_TASK INSTRUCTIONS_. Begin with the line below holding "Buy 1 Get 2 🔥" and go on through the line holding "BRIT CARE pies", duplicating each line exactly and leaving out pictures.

_DATA RECORDS_.
────────────────

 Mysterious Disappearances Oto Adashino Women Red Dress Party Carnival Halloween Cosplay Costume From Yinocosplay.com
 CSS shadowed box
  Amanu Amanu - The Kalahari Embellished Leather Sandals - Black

────────────────

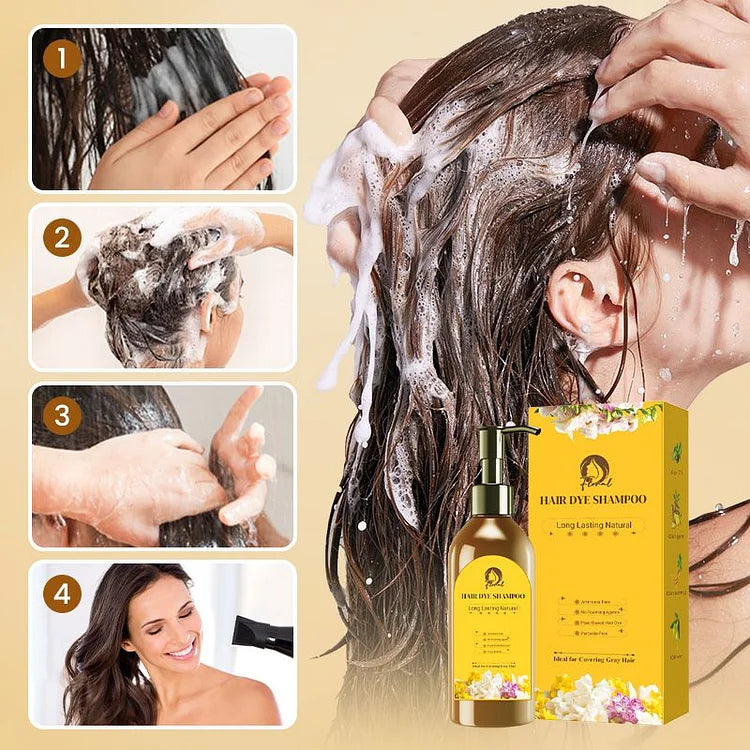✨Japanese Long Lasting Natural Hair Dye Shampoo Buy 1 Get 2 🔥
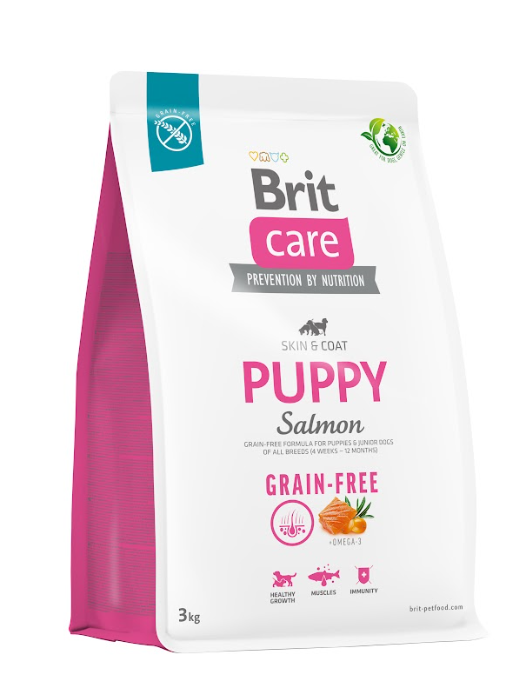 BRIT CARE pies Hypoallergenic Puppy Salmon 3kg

────────────────

_ANSWER BOX_.
✨Japanese Long Lasting Natural Hair Dye Shampoo Buy 1 Get 2 🔥
 BRIT CARE pies Hypoallergenic Puppy Salmon 3kg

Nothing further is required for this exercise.